There is a new strider branch of the project that is ready for testing.
A Ruby project's Gemfile can be set to use the strider branch of the New Relic Ruby agent like so:
gem 'newrelic_rpm', git: 'https://github.com/newrelic/newrelic-ruby-agent', branch: 'strider'
The graphql gem is used (and loved!) inside New Relic as well, but we haven't been using dataloader.
If there are any questions or feedback for us, we'll keep an eye on this GitHub Issue as well as the https://github.com/newrelic/newrelic-ruby-agent/issues/1264 twin over in our repo.
The v8.10.0 release of the newrelic_rpm gem with the improvements is now available on RubyGems.org.
Thanks for your investigation and fix on this, @fallwith! If anyone runs into trouble like this after updating to 8.10.0, please open a new issue to discuss it.

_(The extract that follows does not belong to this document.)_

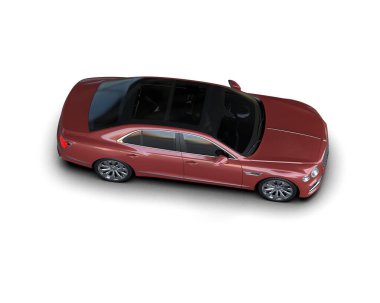 Beyaz arka planda izole edilmiş lüks bir araba. 3d görüntüleme - illüstrasyon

To keep everyone in the loop: performance is indeed better, but not good enough. When I enable use GraphQL::Tracing::NewRelicTracing, set_transaction_name: true in production, a key GraphQL query goes from 1-2s to 6-7s. I've filed https://github.com/newrelic/newrelic-ruby-agent/issues/1345 for that.
The New Relic Ruby agent team has made further improvements to the performance of segment completion. These improvements brought an internal user's service running GraphQL Dataloader from a > 5 seconds delay to a < 15 ms delay. We have confidence Dataloader and New Relic can peacefully coexist in versions 9.2.2+ of newrelic_rpm.